If `alpha, beta , gamma` are the zeros of the polynomial `x^(3)-6x^(2)-x+30` then the value of `(alpha beta+beta gamma+gamma alpha)` is

To find the value of \( \alpha \beta + \beta \gamma + \gamma \alpha \) for the polynomial \( x^3 - 6x^2 - x + 30 \), we can use Vieta's formulas, which relate the coefficients of a polynomial to sums and products of its roots. ### Step-by-Step Solution: 1. **Identify the coefficients of the polynomial:** The given polynomial is \( x^3 - 6x^2 - x + 30 \).

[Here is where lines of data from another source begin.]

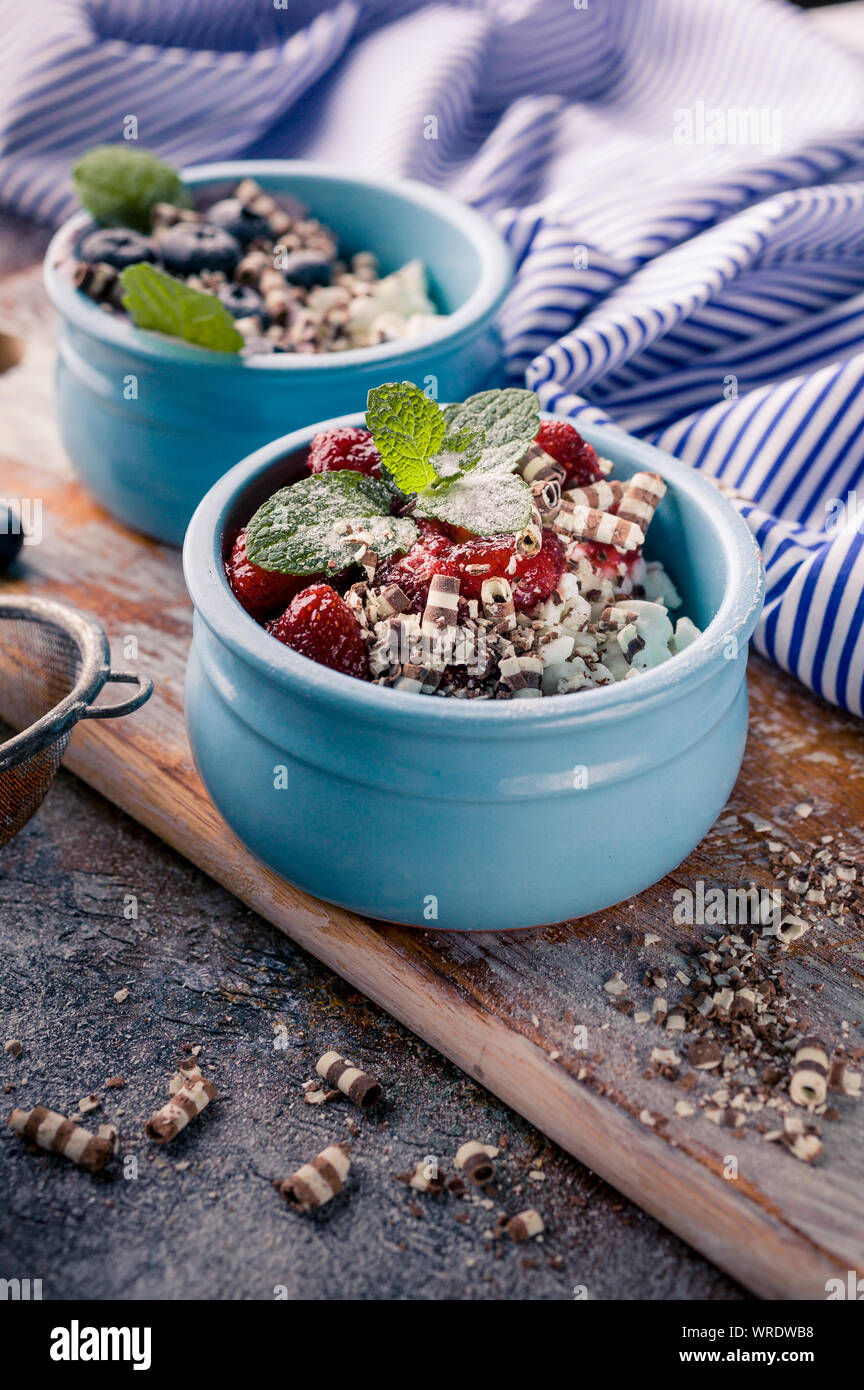 Vertical shot cottage dessert with jam in blue deep bowl, Strawberry jam and blueberries Stock Photo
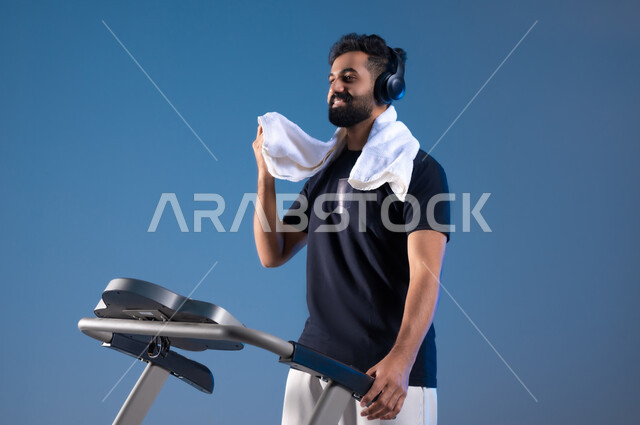 التدرب بعزيمة للمحافظة على نظام الحياة الصحي، انشطة شبابية تساعد على اللياقة البدنية, اهمية الرياضة لبناء جسد قوي, بورتريه مقرب لشاب عربي خليجي سعودي ترتدي الملابس الرياضية ويضع سماعة الهيدفون يستخدم المنشفة لتجفيف العرق أثناء التمرين، خلفية زرقاء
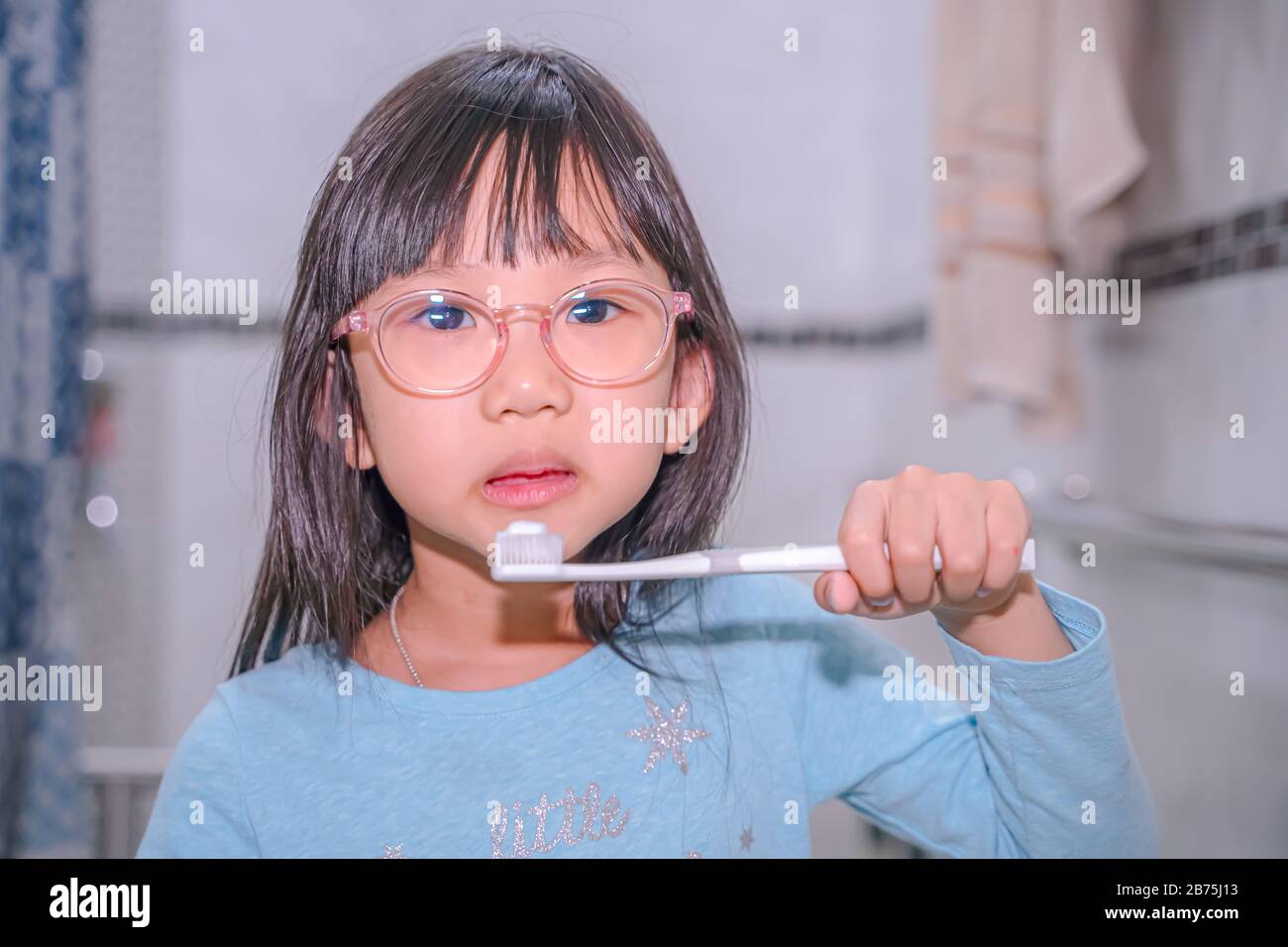 Little girl brushing teeth in bath.dental hygiene. happy little girl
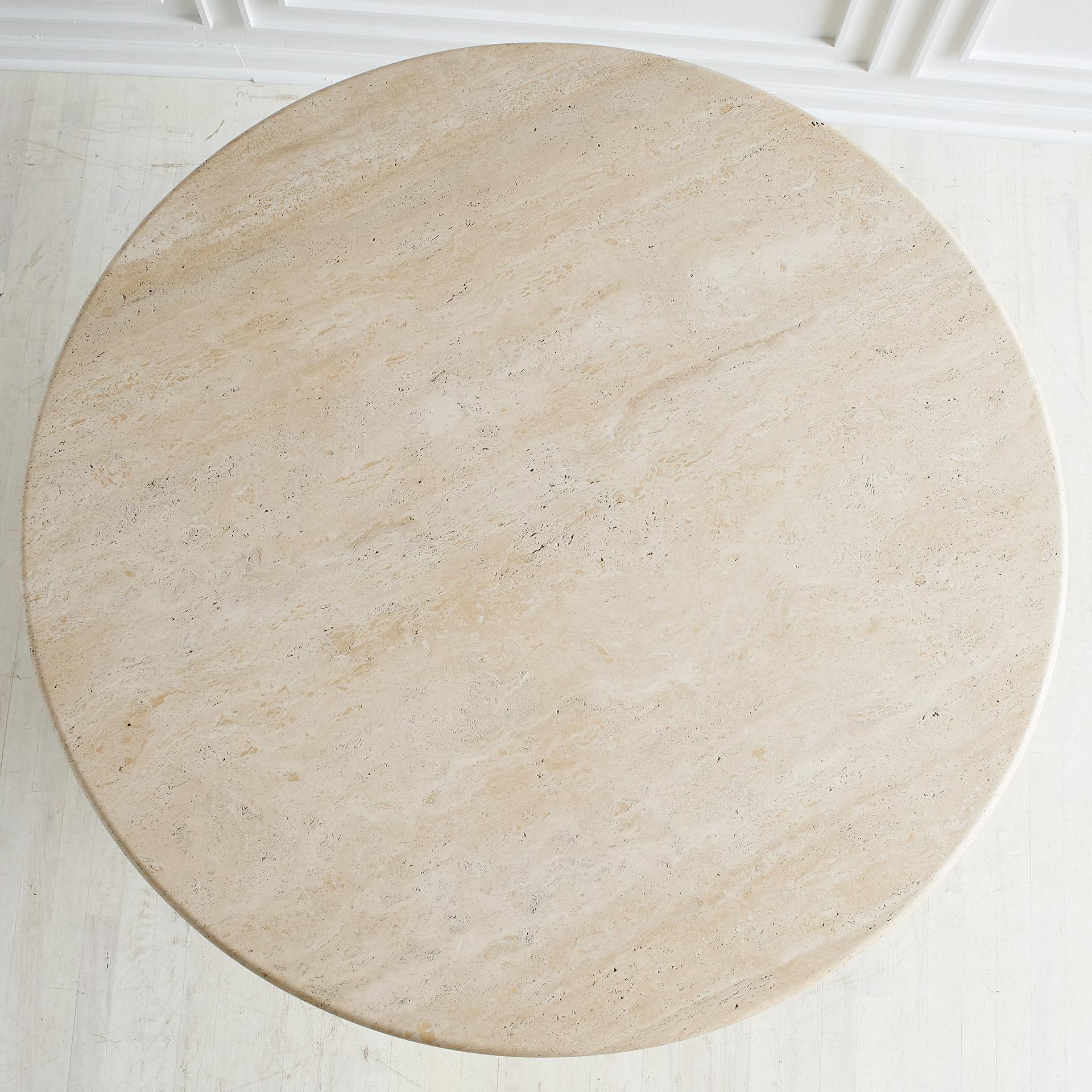 A remarkable dining table designed by Marzio Cecchi for Studio Most in honed travertine. Thick circular travertine discs with brass rings in between supporting a thick travertine tabletop with a full bullnose edge. 

The tabletop is positioned on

We can identify the coefficients as follows: - Coefficient of \( x^3 \) (let's call it \( a \)): \( 1 \) - Coefficient of \( x^2 \) (let's call it \( b \)): \( -6 \) - Coefficient of \( x \) (let's call it \( c \)): \( -1 \) - Constant term (let's call it \( d \)): \( 30 \) 2. **Apply Vieta's Formulas:** According to Vieta's formulas for a cubic polynomial \( ax^3 + bx^2 + cx + d = 0 \): - The sum of the roots \( \alpha + \beta + \gamma = -\frac{b}{a} = -\frac{-6}{1} = 6 \) - The sum of the products of the roots taken two at a time \( \alpha \beta + \beta \gamma + \gamma \alpha = \frac{c}{a} = \frac{-1}{1} = -1 \) - The product of the roots \( \alpha \beta \gamma = -\frac{d}{a} = -\frac{30}{1} = -30 \) 3. **Conclusion:** Thus, the value of \( \alpha \beta + \beta \gamma + \gamma \alpha \) is \( -1 \). ### Final Answer: The value of \( \alpha \beta + \beta \gamma + \gamma \alpha \) is \( -1 \).